Portland struggled. Nothing was falling for the Trail Blazers while the Mavericks brought the rain on a rare clear day in Oregon. With a little more than a minute left in the third quarter, the Mavericks held a monstrous 23-point lead. They had the game put away, were on the plane and ready to seal the series in Texas. Or so they thought.
During the final quarter, Roy slipped on his cape and notched 18 of his 24 points, including a game-tying four-point play to knot the score up at 82 with 1:06 remaining. After Portland attained possession following Jason Terry's missed three-pointer that went out of bounds, Roy did it again. He isolated himself on Shawn Marion and banked home a pull-up jumper to give the Trail Blazers the lead for good. He played a pivotal role in Portland's 40-15 run to overcome the Mavericks and steal Game 4.

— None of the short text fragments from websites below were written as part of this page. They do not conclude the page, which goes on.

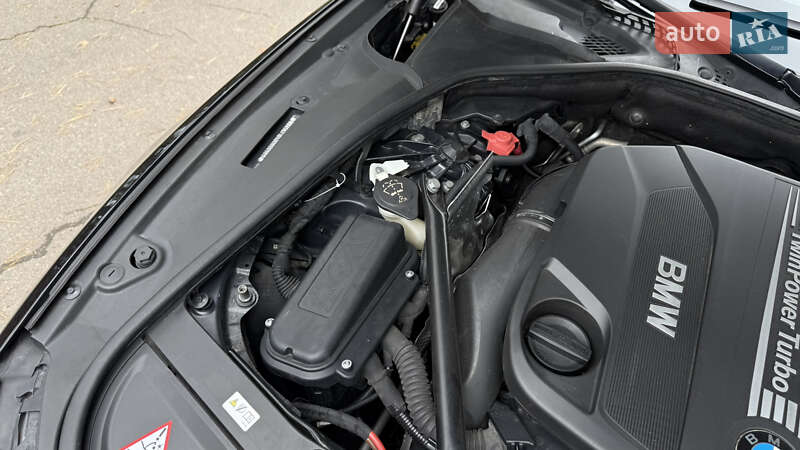 Універсал BMW 5 Series 2014 в Києві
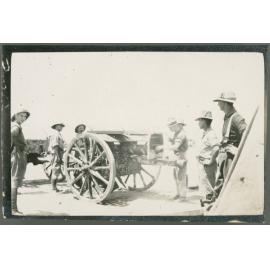 Photo from page 03 of album WWI Photograph Album - Egypt, Gallipoli & Western Front.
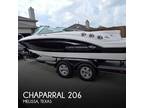 Chaparral 206 SSi WT Sport Bowriders 2011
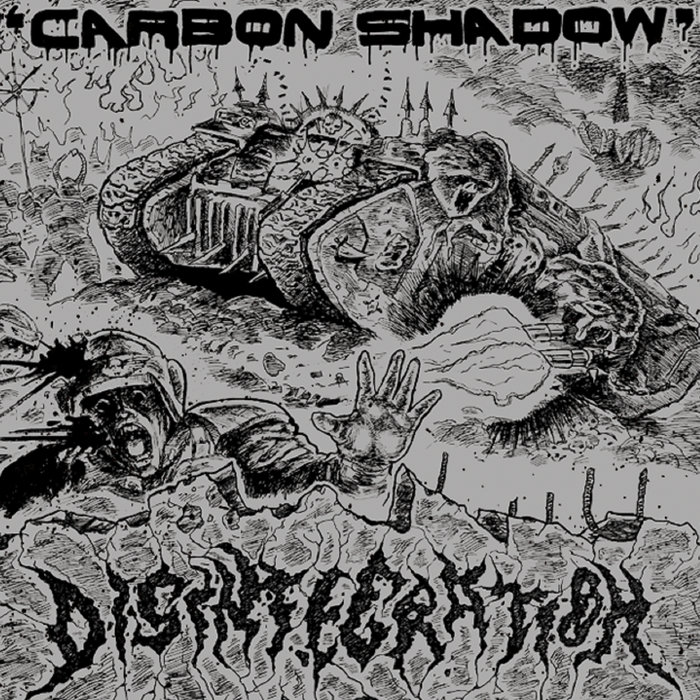 Carbon Shadow | Disintegration | Absolute Contempt Records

Portland became the third team in the shot clock era to pull of a win after trailing by 18 or more points heading into the final period - the first since 2002.
Roy was back. He was the closer once again. He was the hero, the savior, The Natural. It all came together when Marcus Camby approached Roy and embraced the All-Star, sending chills through the NBA community.
"Honestly, I don't really know what I was feeling," Roy said afterwards. "I just felt really good but at the same time when they were grabbing me, I just needed to embrace someone. It was one of those feelings where I was just happy to have their support. It still just doesn't feel real yet."
Later, Roy added:
"Honestly, I envisioned a game like this when I first came back from the surgery," he said. "I was like, 'Yeah, I think I'm going to do something special.' But as things progressed, I thought Game 2 was a down moment. I didn't think anything good was going to come. I was pretty down on myself. But like I said, the next day - so much support, I just wanted to go out there and give myself a chance. I didn't think that this would happen, but it was a great day for me and for our team."
Two wins still remain to clinch the first-round victory, but the score has been tied, the slates have been erased. It's a brand new ball game with a new-found weapon. He goes by Brandon Roy. You may call him The Natural.